# Got Lucky



## wicandthing (Jul 11, 2005)

Well, I got lucky. De-winterized the camper earlier in the week, hooked up the water and thought I filled up the hot water heater.

Walked out there yesterday evening, and I thought I could hear water boiling..... come to find out, I had just blown out the water lines instead of using the pink stuff so I had never bypassed the hwh. When I de-winterized, I bypassed it.

You wouldn't believe the noise that hwh was making.....

I filled it up and it seems to be OK. I am going to keep an eye on it this weekend, however, while we are out.

Just a bit of advice.... double check the bypass valve and make sure its in the correct position









Wic


----------



## battalionchief3 (Jun 27, 2006)

I usually crack open the high pressure blow off valve on the HWH. When water comes out, its full.

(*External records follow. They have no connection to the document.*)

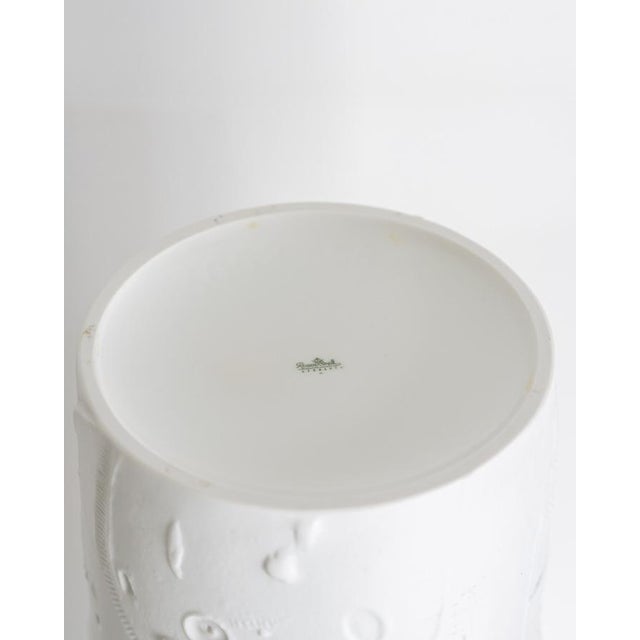 White Bisque Porcelain Floor Vase by Werner Schreib for Rosenthal, 1960s For Sale - Image 9 of 11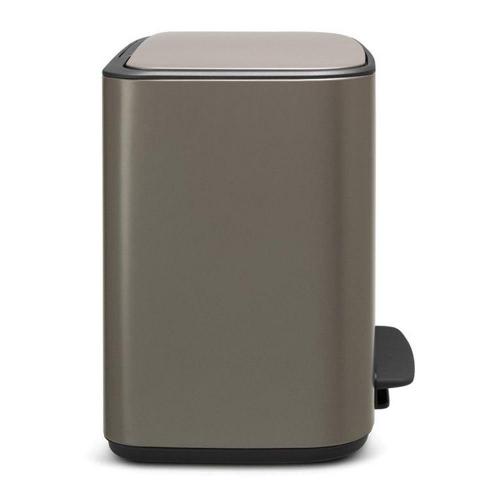 Мусорный бак 33 л Brabantia Bo Pedal Bin серый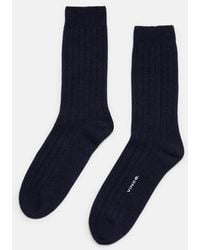 Vince - Cashmere Rib Sock, Blue, Size Xs/s - Lyst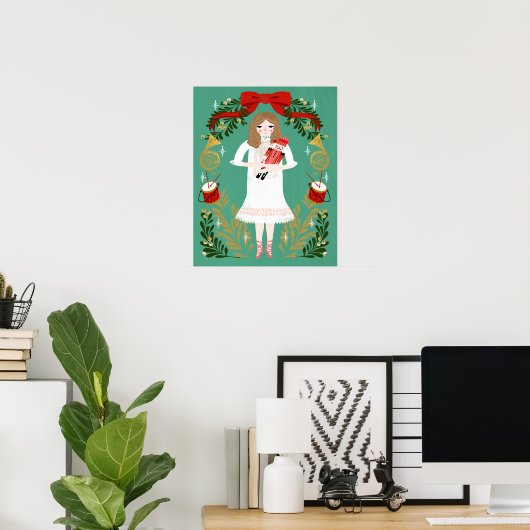 Clara Nutcracker Ballet Poster (Heimbüro)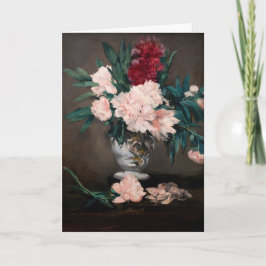 Edouard Manet – 小台座に牡丹の花瓶 カード
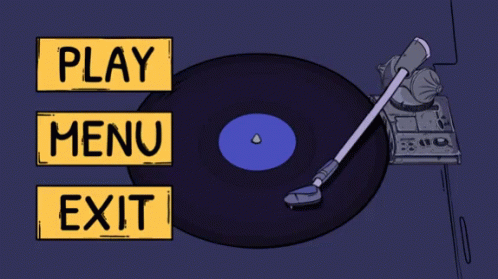 Music Record GIF - Music Record Play Menu Exit GIFs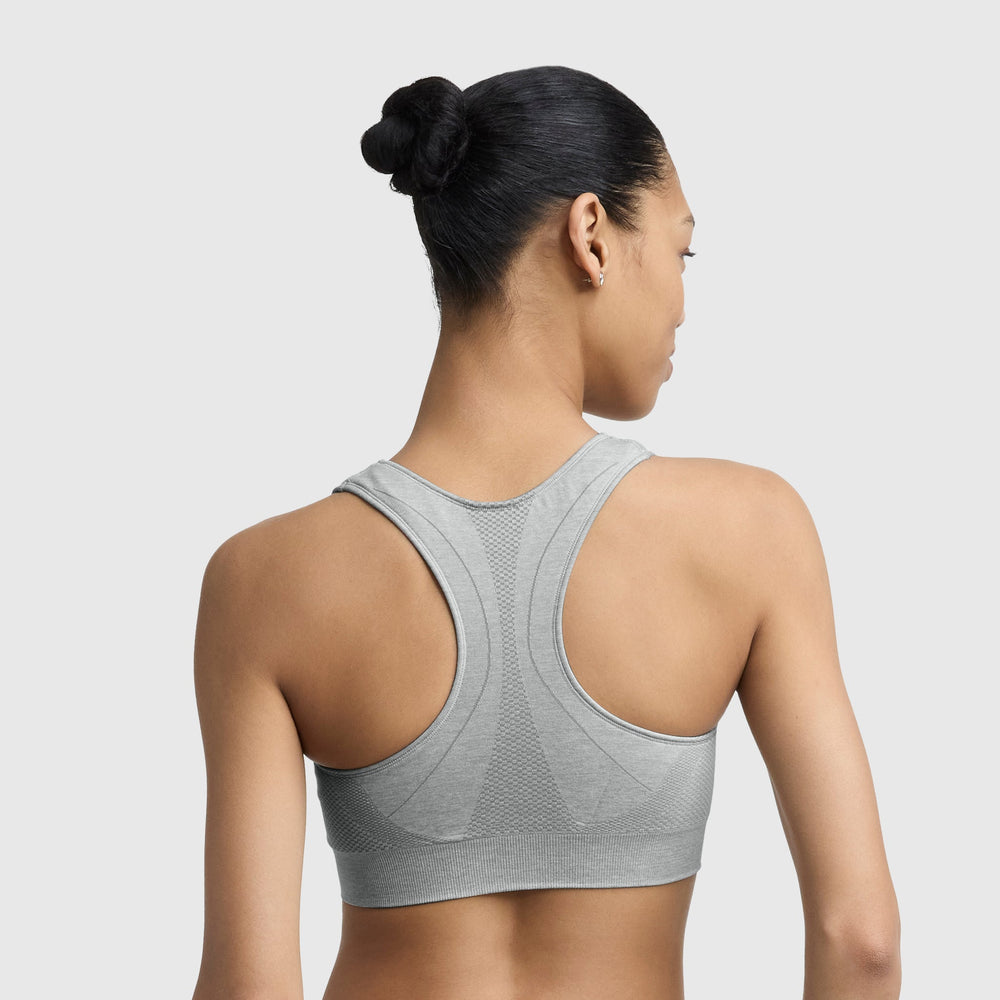 Champion Seamless Racerback Sports Bra - Oxford Grey Heather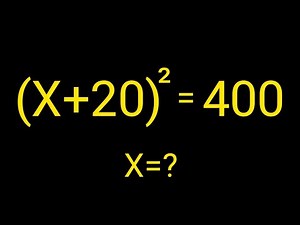 Math Olympiad Problem Solving Strategies — Can You Solve This Tricky Algebra Challenge?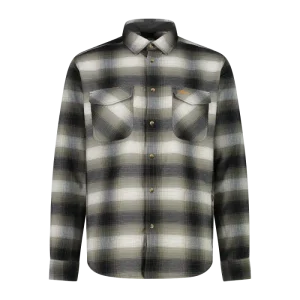 Camicia uomo manica lunga a quadri CMP Olive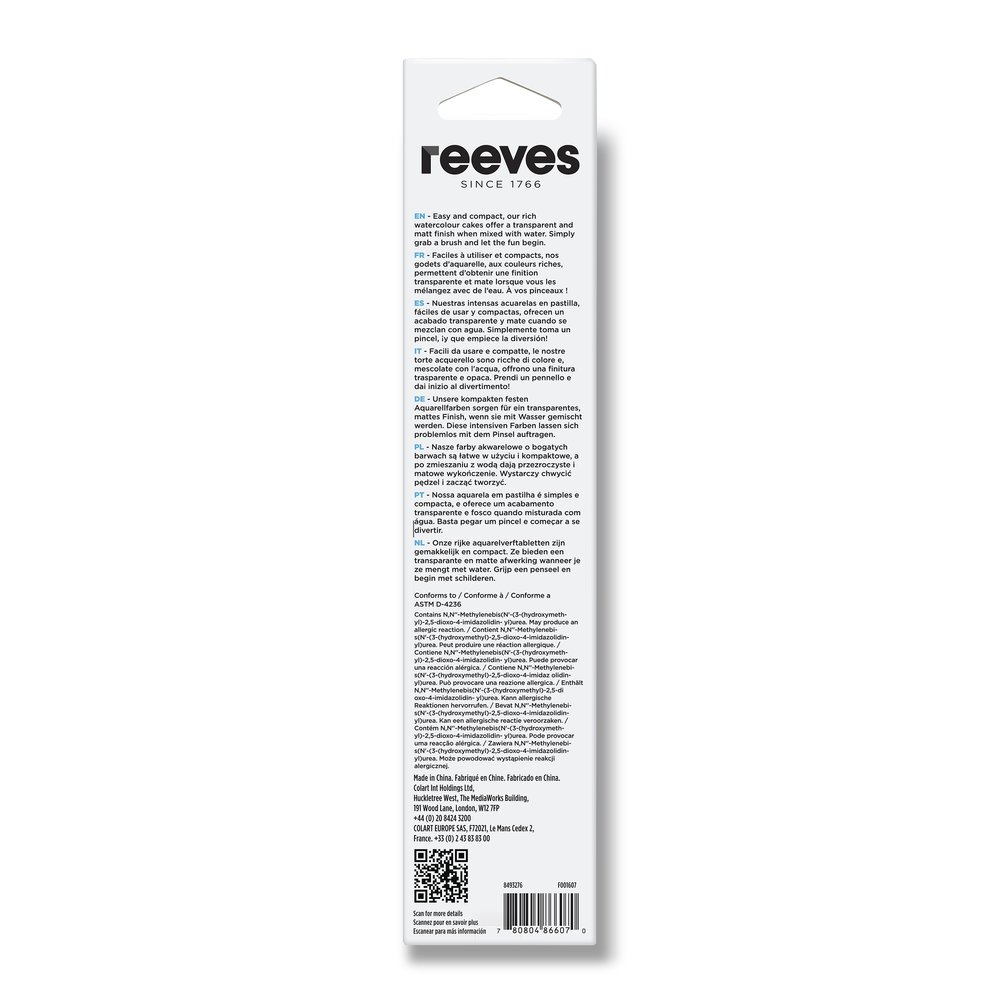 reeves Watercolour Tin Pan 12 Set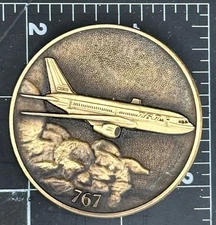 Great  BOEING 767 Medallion Posts on back
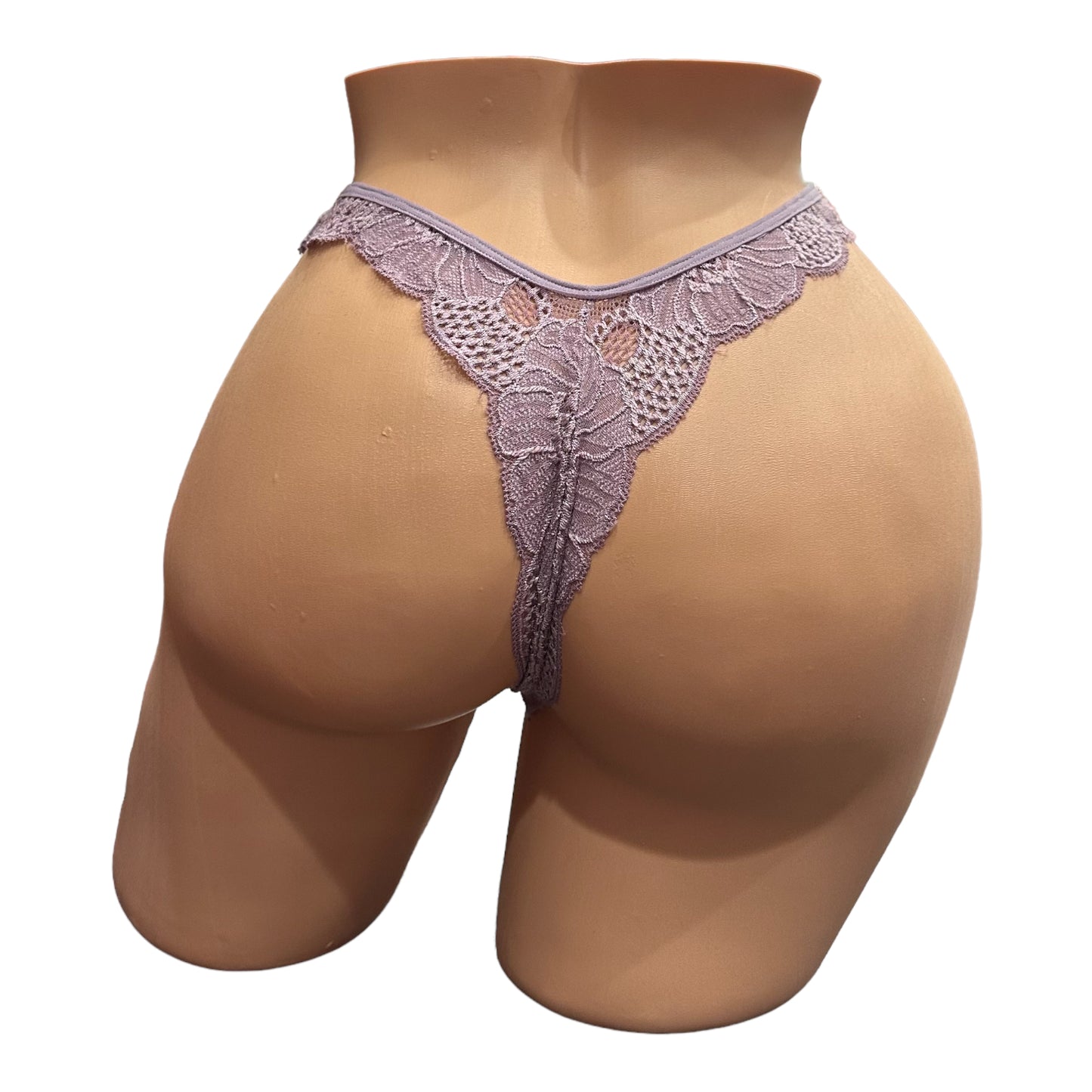 Lavender Lace V  Thong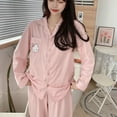 thumbnail image 2 of Pijamas Hello Kitty japoneses primavera otoño casual y sencillos., 2 of 3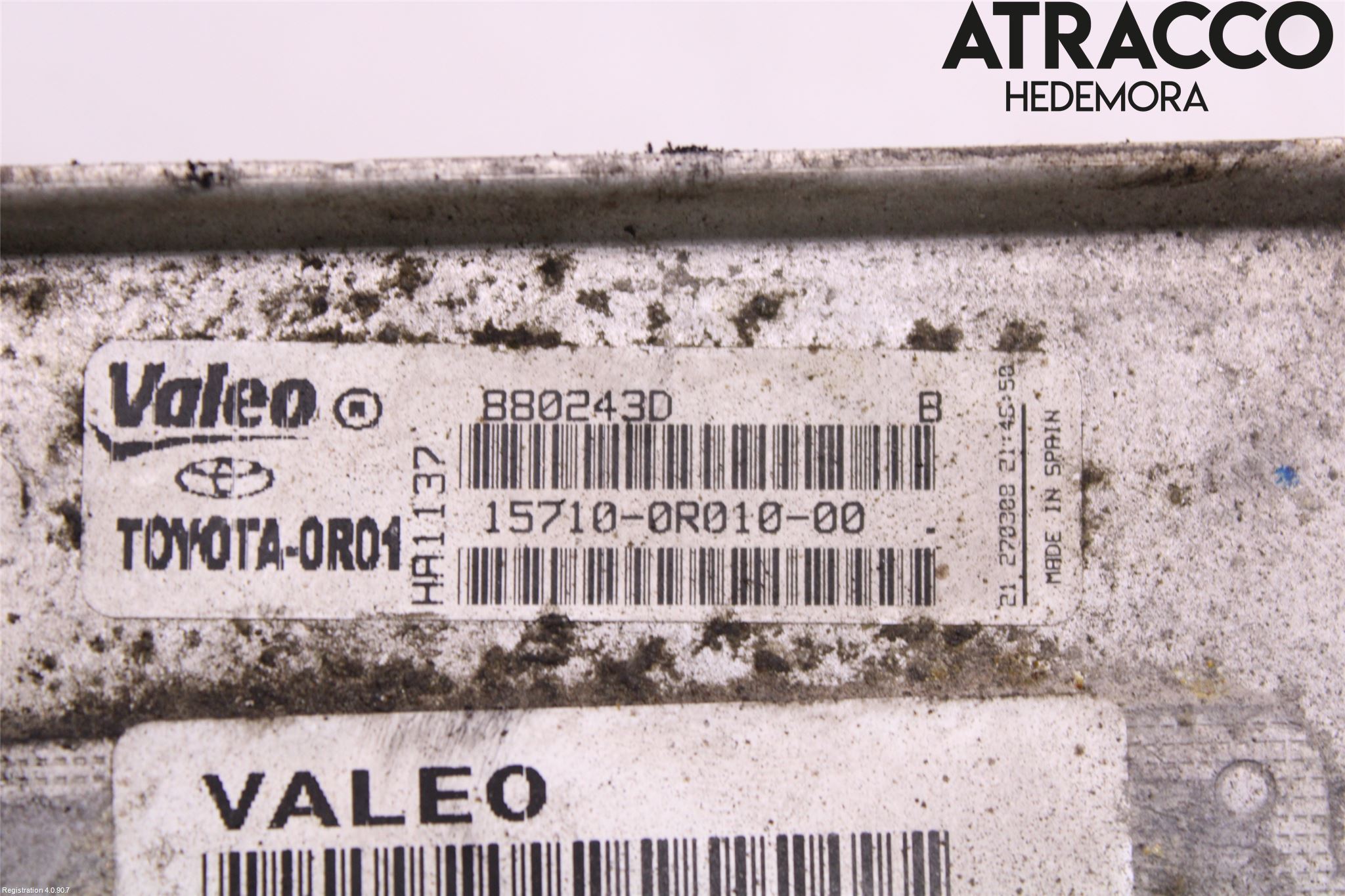 Toyota AVENSIS 07-08 Radiator Oljekjøler Motor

Good advice.


----------



## Sayonara (Jul 23, 2007)

battalionchief3 said:


> I usually crack open the high pressure blow off valve on the HWH. When water comes out, its full. Good advice.


Good info !


----------



## Oregon_Camper (Sep 13, 2004)

Sayonara said:


> I usually crack open the high pressure blow off valve on the HWH. When water comes out, its full. Good advice.


Good info !
[/quote]

X3


----------



## Tim P (Jul 29, 2007)

Say that you do burn up the electric heating element in the HWH. Is it easily replaceable?


----------



## CamperAndy (Aug 26, 2004)

Tim P said:


> Say that you do burn up the electric heating element in the HWH. Is it easily replaceable?


Yes and no. The element itself is easy to replace but the location of the water heater and the gorilla that installed it so that it may never leak (or be removed) can have an impact on your ability to replace it.


----------